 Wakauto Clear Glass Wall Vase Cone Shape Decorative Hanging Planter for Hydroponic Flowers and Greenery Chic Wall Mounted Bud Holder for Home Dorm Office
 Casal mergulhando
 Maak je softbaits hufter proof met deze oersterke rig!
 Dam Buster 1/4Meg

--

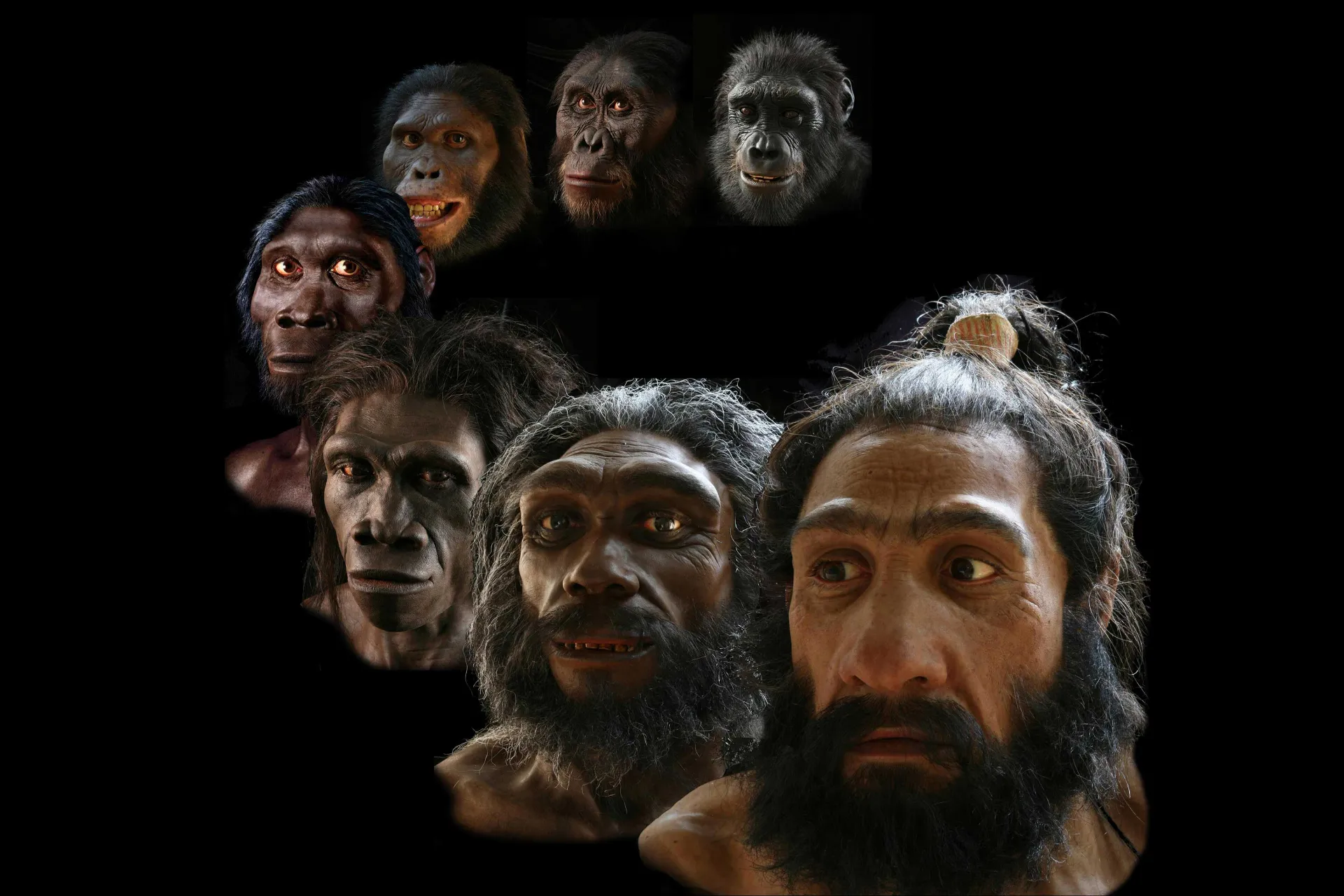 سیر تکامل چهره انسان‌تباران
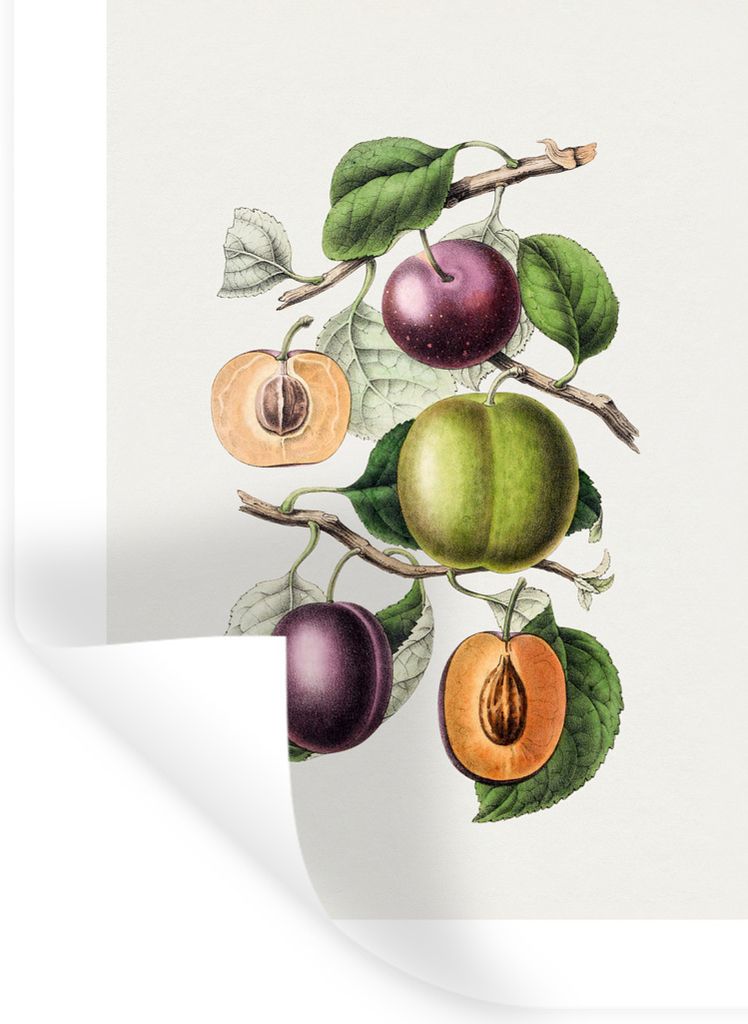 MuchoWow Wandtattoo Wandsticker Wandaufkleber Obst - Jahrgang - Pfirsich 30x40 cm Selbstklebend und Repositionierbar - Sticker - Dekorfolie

* * *

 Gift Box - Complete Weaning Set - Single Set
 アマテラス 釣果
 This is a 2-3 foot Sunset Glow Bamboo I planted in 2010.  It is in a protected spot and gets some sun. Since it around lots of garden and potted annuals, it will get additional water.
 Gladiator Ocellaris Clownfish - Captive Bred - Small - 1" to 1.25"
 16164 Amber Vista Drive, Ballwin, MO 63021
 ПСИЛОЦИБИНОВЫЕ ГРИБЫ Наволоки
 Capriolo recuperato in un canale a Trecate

TASK GOAL:
Could you restate, word for word, the lines above from the one with "ПСИЛОЦИБИНОВЫЕ ГРИБЫ Наволоки" to the one with "Capriolo recuperato in un canale a Trecate", both included?

RESPONSE BELOW:
 ПСИЛОЦИБИНОВЫЕ ГРИБЫ Наволоки
 Capriolo recuperato in un canale a Trecate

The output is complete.